Is there a watcher separate from the seen or is there just seeing happening?
This gets really tricky for me. I want to deconstruct and analyze which hides DE and conceives multiplying concepts.

I found this easier to approach with hearing than seeing. I experience hearing happening, not a hearer or listener.

When I intently listen (repeatedly), I/time disappears.

With seeing this arises: there is no watcher, there is just seeing happening BUT BUT BUT but the seeing happening feels separate from the object seen.

The thought follows that it is probably belief/conditioning that imagines that distinction, but if so it is too quick for me to notice.

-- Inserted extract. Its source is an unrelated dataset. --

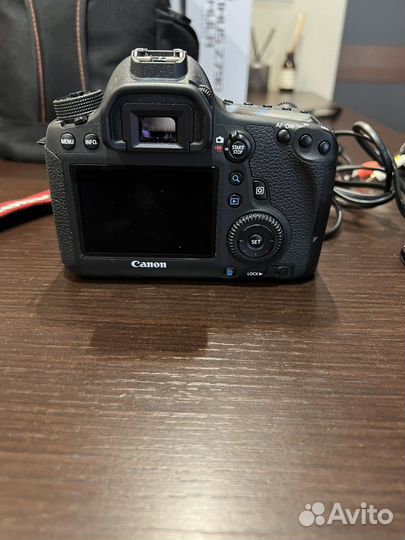 Зеркальный фотоаппарат Canon EOS 6D (WG)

Again Andrei, your persistence is appreciated. Appreciation is arising!

Re: The time is now

Posted: Mon Aug 22, 2016 2:15 pm
by Andrei
I experience hearing happening, not a hearer or listener.
Perfect.
With seeing this arises: there is no watcher, there is just seeing happening BUT BUT BUT but the seeing happening feels separate from the object seen.
No worries. You don`t need to go all the way first time. Important is that there is seeing without an "I" to do it. Seeing happens.
We`ll get to the other objects and feeling separated later. This might be a tad bit more complicated so better not to rush in.

Is there a self that controls breathing? that walks? that does daily activities?

And second, I want us to talk more about the subject of choices. You already said there is no "I" to choose thoughts. Now let`s talk about choices in general.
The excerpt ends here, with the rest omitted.